┏━━

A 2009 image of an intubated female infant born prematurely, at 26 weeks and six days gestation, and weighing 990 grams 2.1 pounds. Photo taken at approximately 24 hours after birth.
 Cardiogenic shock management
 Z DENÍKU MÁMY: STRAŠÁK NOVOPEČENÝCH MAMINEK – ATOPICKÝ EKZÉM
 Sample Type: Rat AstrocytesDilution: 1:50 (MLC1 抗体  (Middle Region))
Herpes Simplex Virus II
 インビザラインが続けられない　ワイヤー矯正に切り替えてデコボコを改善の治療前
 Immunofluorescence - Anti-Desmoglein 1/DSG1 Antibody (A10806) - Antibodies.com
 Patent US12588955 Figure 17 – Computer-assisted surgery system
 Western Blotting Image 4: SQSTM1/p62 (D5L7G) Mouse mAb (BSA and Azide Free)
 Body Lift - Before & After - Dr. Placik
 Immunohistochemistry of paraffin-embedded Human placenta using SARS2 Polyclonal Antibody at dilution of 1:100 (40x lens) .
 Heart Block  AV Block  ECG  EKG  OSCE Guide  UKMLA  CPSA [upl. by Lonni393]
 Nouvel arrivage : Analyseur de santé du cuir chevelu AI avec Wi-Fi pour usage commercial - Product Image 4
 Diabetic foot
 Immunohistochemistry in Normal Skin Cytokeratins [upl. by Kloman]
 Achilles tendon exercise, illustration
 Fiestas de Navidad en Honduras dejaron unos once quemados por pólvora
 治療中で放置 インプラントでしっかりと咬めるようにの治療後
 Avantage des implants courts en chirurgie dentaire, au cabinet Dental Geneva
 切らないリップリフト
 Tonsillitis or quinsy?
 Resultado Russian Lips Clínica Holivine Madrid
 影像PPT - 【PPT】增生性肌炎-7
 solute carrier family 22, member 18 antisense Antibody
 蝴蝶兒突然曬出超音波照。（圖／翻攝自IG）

┗━━

**WHAT YOU HAVE TO DO**. Transcribe each record above exactly. Skip none.

**ANSWER TO THE EXERCISE**.
A 2009 image of an intubated female infant born prematurely, at 26 weeks and six days gestation, and weighing 990 grams 2.1 pounds. Photo taken at approximately 24 hours after birth.
 Cardiogenic shock management
 Z DENÍKU MÁMY: STRAŠÁK NOVOPEČENÝCH MAMINEK – ATOPICKÝ EKZÉM
 Sample Type: Rat AstrocytesDilution: 1:50 (MLC1 抗体  (Middle Region))
Herpes Simplex Virus II
 インビザラインが続けられない　ワイヤー矯正に切り替えてデコボコを改善の治療前
 Immunofluorescence - Anti-Desmoglein 1/DSG1 Antibody (A10806) - Antibodies.com
 Patent US12588955 Figure 17 – Computer-assisted surgery system
 Western Blotting Image 4: SQSTM1/p62 (D5L7G) Mouse mAb (BSA and Azide Free)
 Body Lift - Before & After - Dr. Placik
 Immunohistochemistry of paraffin-embedded Human placenta using SARS2 Polyclonal Antibody at dilution of 1:100 (40x lens) .
 Heart Block  AV Block  ECG  EKG  OSCE Guide  UKMLA  CPSA [upl. by Lonni393]
 Nouvel arrivage : Analyseur de santé du cuir chevelu AI avec Wi-Fi pour usage commercial - Product Image 4
 Diabetic foot
 Immunohistochemistry in Normal Skin Cytokeratins [upl. by Kloman]
 Achilles tendon exercise, illustration
 Fiestas de Navidad en Honduras dejaron unos once quemados por pólvora
 治療中で放置 インプラントでしっかりと咬めるようにの治療後
 Avantage des implants courts en chirurgie dentaire, au cabinet Dental Geneva
 切らないリップリフト
 Tonsillitis or quinsy?
 Resultado Russian Lips Clínica Holivine Madrid
 影像PPT - 【PPT】增生性肌炎-7
 solute carrier family 22, member 18 antisense Antibody
 蝴蝶兒突然曬出超音波照。（圖／翻攝自IG）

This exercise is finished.